Présent à la grande exposition des « Magiciens de la Terre » au Musée national d’Art moderne (1989), Yang Yiechang a depuis, beaucoup exposé, notamment à la Biennale de Shanghaï en 1998, à la foire d’Art contemporain de Chicago en 1999. Son installation Eye of the Storm, 2000, rappelant la violente tempête survenue à Paris cette année-là, a été montrée récemment au sein de l’exposition « Paris pour Escale » au Musée d’Art Moderne de la Ville de Paris.

Le vernissage aura lieu le 31 mai à 17h30, en présence de l’artiste.

« Je suis né le 16 novembre 1956 à Foshan dans la Province de Canton. Foshan est l’un des quatre anciens marchés célèbres de la dynastie Song. Ses sorcières, sa fonderie de bronze et ses ateliers de céramique ont fait sa renommée.

« J’ai grandi sous l’égide de mon grand-père qui, au cours de son adolescence, avait bénéficié du mode d’éducation de la dynastie Qing.

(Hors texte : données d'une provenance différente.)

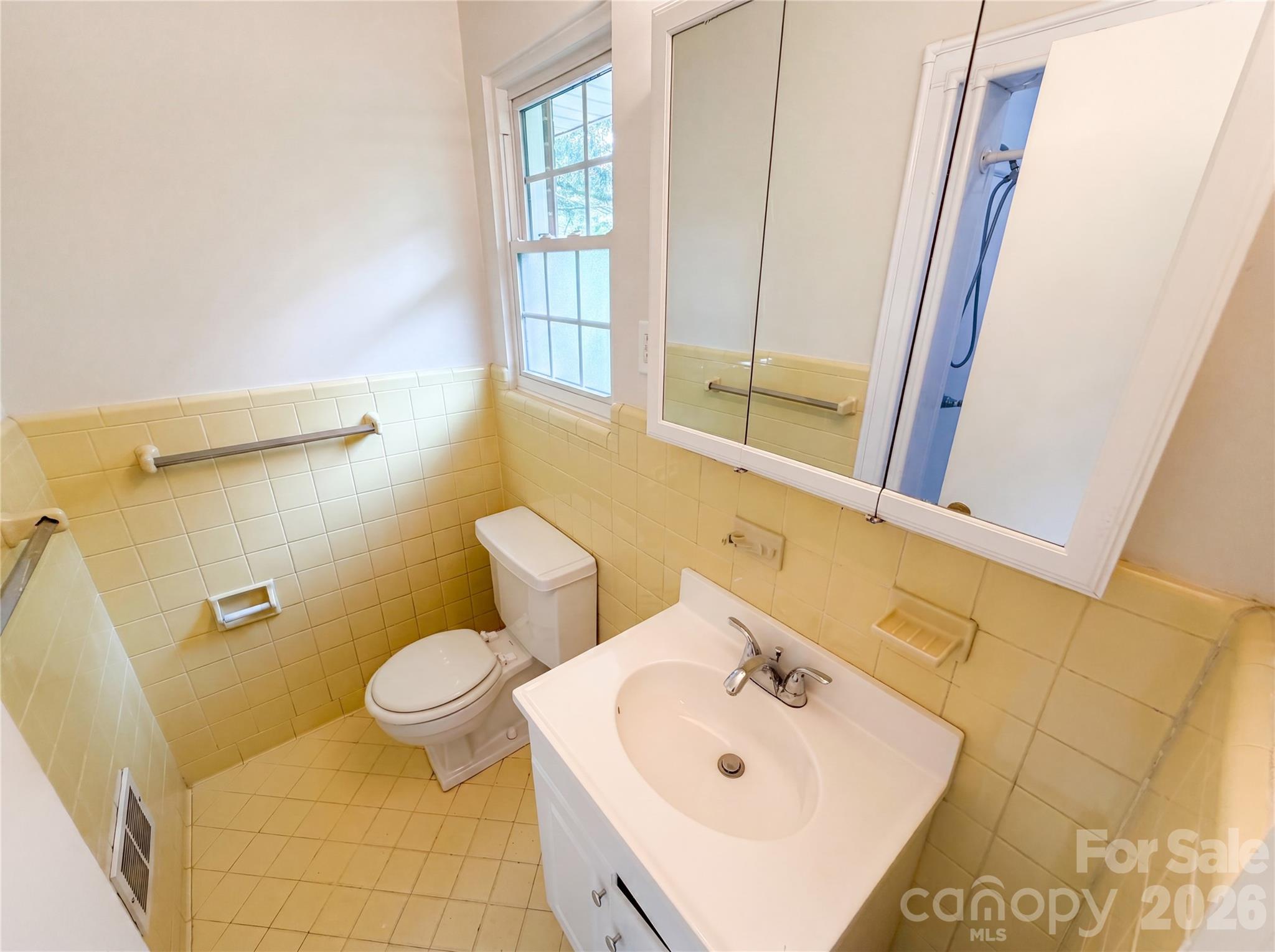 5410 Sharon Road Property Photo 18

Il respectait les rites et les formes du savoir-vivre. Ma famille résidait dans le domaine d’un grand propriétaire terrien appelé “le voleur de poules Li”, qui fut plus tard confisqué par le parti communiste chinois. Je garde encore la nostalgie de ce lieu, de son atmosphère de temple ou de palais, proche de la nature comme un chalet de montagne. C’est avec tristesse que j’évoque les immeubles modernes construits aujourd’hui à cet endroit.

« De 1956 à 1978, j’ai vécu dans la vieille ville de Foshan. Les écoles que j’y fréquentais occupaient d’anciens temples taoïstes, confucianistes ou bouddhiques. L’environnement conservait l’esprit et les usages du passé, avec leur mystère et leur religiosité, mais tout ce qui m’était enseigné, ce que mes livres de classe m’apprenaient était complètement et nettement coloré en rouge.

« En 1966, Mao proclame la grande Révolution culturelle. Je garde en mémoire une très forte impression de l’événement. Dans l’ancienne ville, tout soudain devint rouge, partout rouge : étoiles rouges, drapeaux rouges, murs et parois rouges ; rouge la bible de Mao, rouges les pensées, rouges les brigades...

« C’est en 1970 que je devins garde rouge. Les gardes rouges saisissaient les gros propriétaires terriens, les riches, les éléments contre-révolutionnaires, les méchants, les opposants, les démons à tête de bœuf, les génies à corps de serpent ; combattaient l’élitisme, s’opposaient aux notables, manifestaient le pinceau à la main par la peinture et l’écriture leurs critiques au capitalisme et au révisionnisme en propageant les seules idées de Mao Tsé Tung.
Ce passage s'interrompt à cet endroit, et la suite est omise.